▶ **TASK REQUIREMENTS**
Exact copies of all the lines below are required, with the pictures omitted.

▶ **MATERIAL PROVIDED**
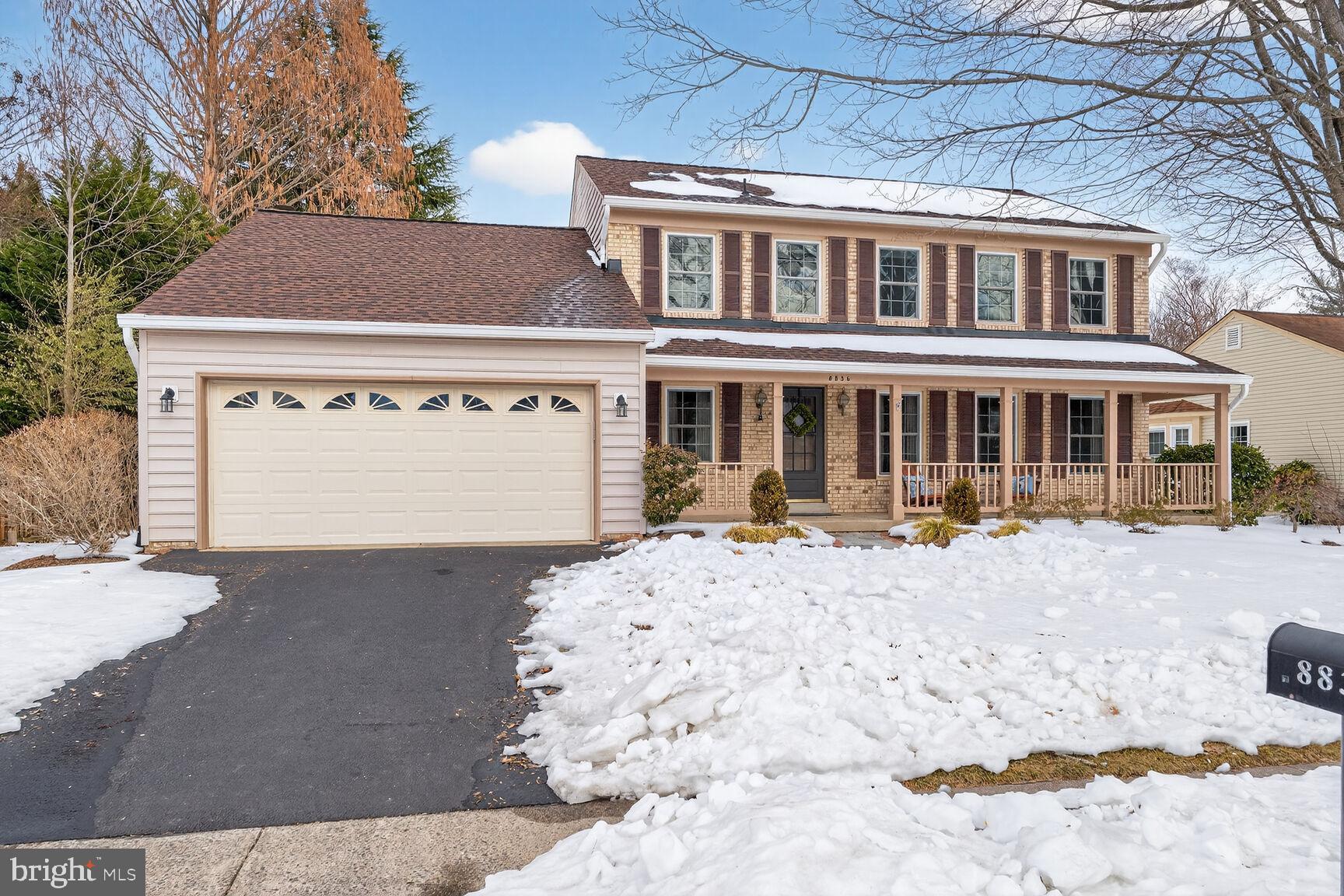 8836 Shadowlake Way Springfield, VA 22153 - Photo 53 of 77 a front view of a house with a yard covered with snow in front of house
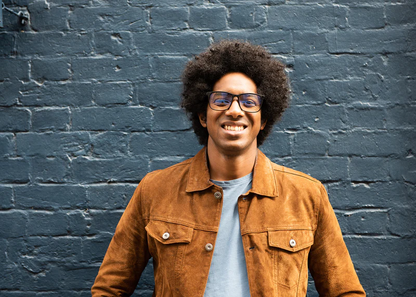 Man wearing Ocushield Clear blue light glasses and tan jacket smiling against dark blue brick wall.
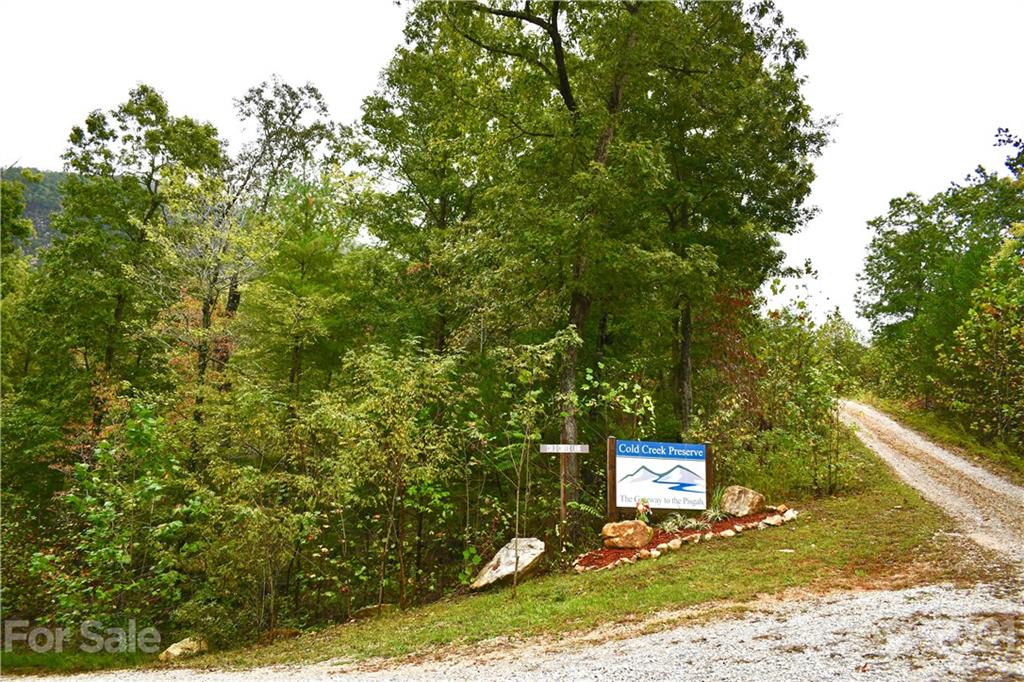 Lot 10 Dobsons Knob Loop Road, Unit 10 Marion, NC 28752 - Photo 11 of 21 a sign that is sitting in front of a tree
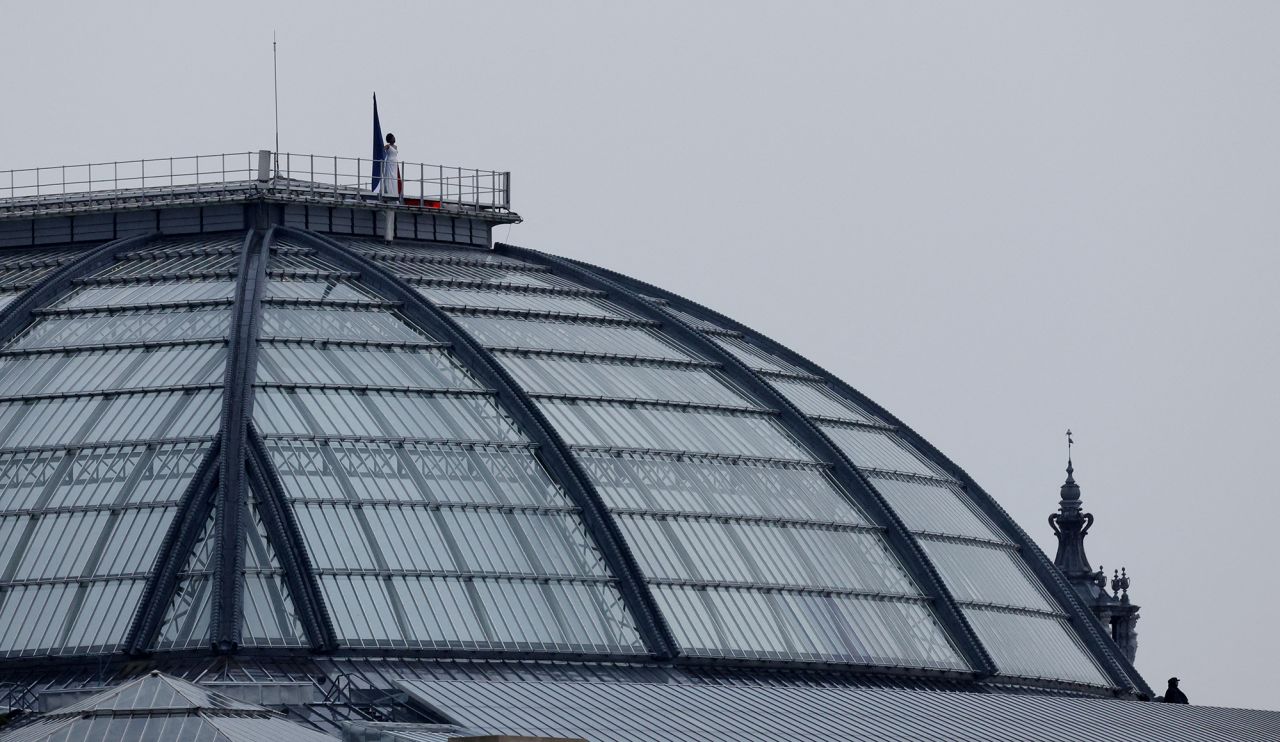 Axelle Saint-Cirel is seen performing The Marseillaise on the roof of the Grand-Palais.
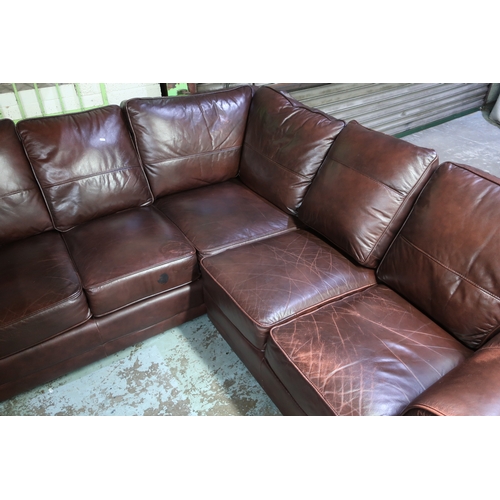 511 - Modern corner fitting settee upholstered in brown leather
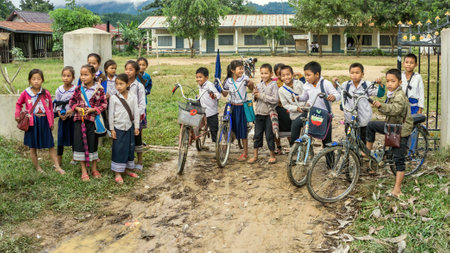 Laos - December 2015: School kids at the entrance of their primary school, Laos countrysideのeditorial素材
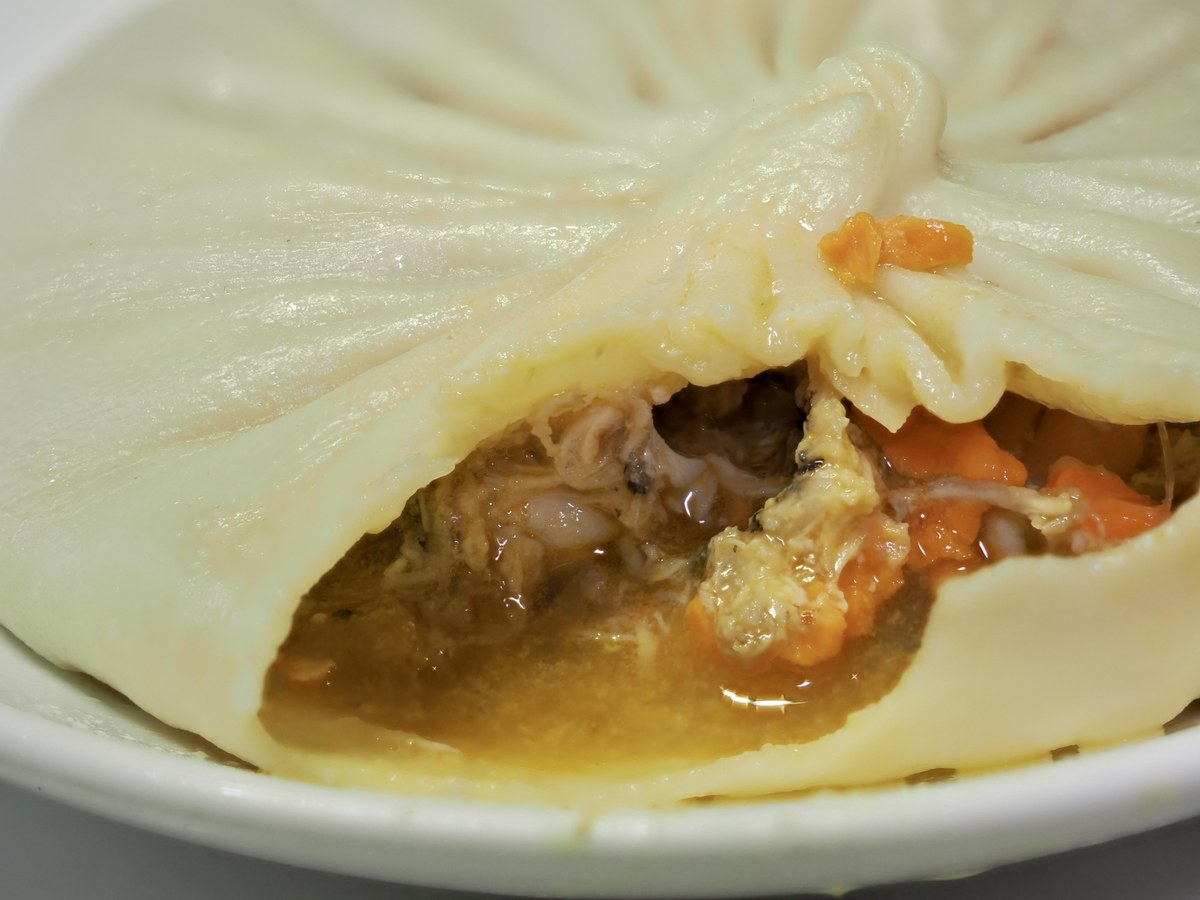 Crab Roe Soup Dumpling — torn open, releasing amber broth and the orange crumb of crab roe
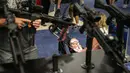 Seorang balita duduk di kursi dorongnya saat berada di pameran senjata di  konvensi tahunan NRA, Texas (6/5). Pameran ini menampilkan senjata canggih mulai dari yang ringan hingga kelas berat yang dipakai untuk militer. (AFP/Loren Elliot)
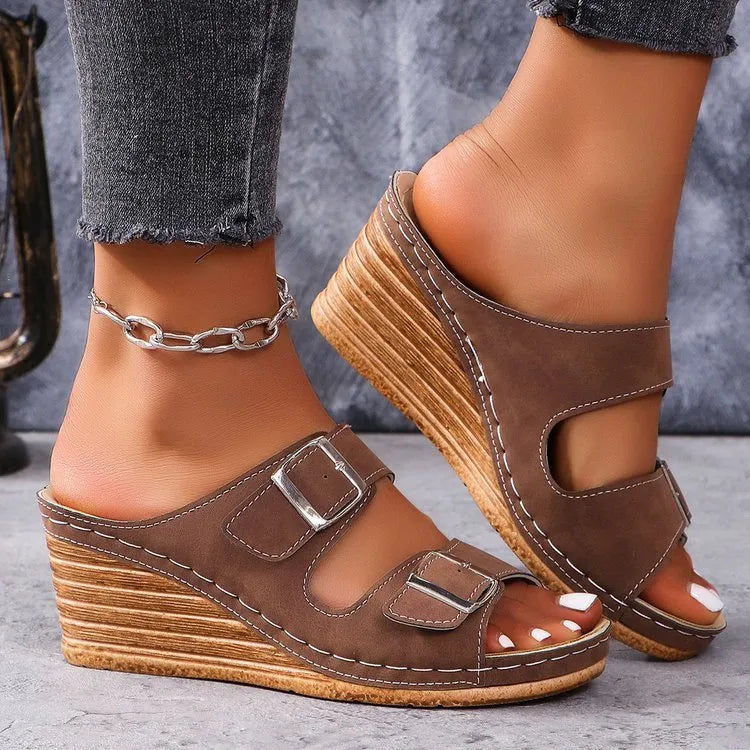 Women's creamy-white beach slippers with an outer wedge belt buckle fastening.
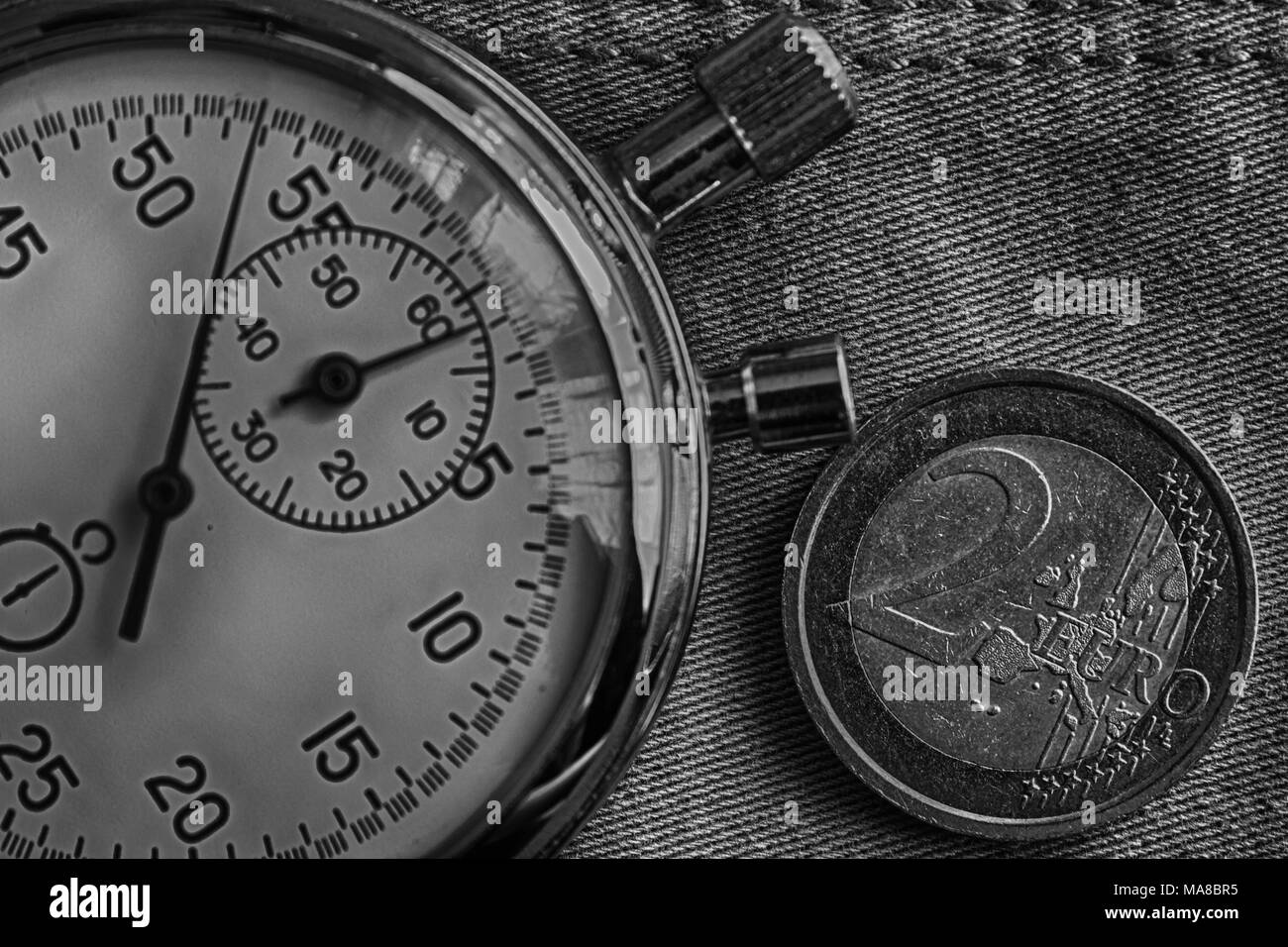 Euro Münze mit einer Stückelung von 2 Euro und die Stoppuhr auf abgenutzten denim Kulisse - Geschäft Hintergrund. Stockfoto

▶ **ANSWER**
 8836 Shadowlake Way Springfield, VA 22153 - Photo 53 of 77 a front view of a house with a yard covered with snow in front of house
 Man wearing Ocushield Clear blue light glasses and tan jacket smiling against dark blue brick wall.
 Lot 10 Dobsons Knob Loop Road, Unit 10 Marion, NC 28752 - Photo 11 of 21 a sign that is sitting in front of a tree
 Axelle Saint-Cirel is seen performing The Marseillaise on the roof of the Grand-Palais.
 511 - Modern corner fitting settee upholstered in brown leather
 Laos - December 2015: School kids at the entrance of their primary school, Laos countrysideのeditorial素材
 Crab Roe Soup Dumpling — torn open, releasing amber broth and the orange crumb of crab roe
 Seorang balita duduk di kursi dorongnya saat berada di pameran senjata di  konvensi tahunan NRA, Texas (6/5). Pameran ini menampilkan senjata canggih mulai dari yang ringan hingga kelas berat yang dipakai untuk militer. (AFP/Loren Elliot)
 Women's creamy-white beach slippers with an outer wedge belt buckle fastening.
 Euro Münze mit einer Stückelung von 2 Euro und die Stoppuhr auf abgenutzten denim Kulisse - Geschäft Hintergrund. Stockfoto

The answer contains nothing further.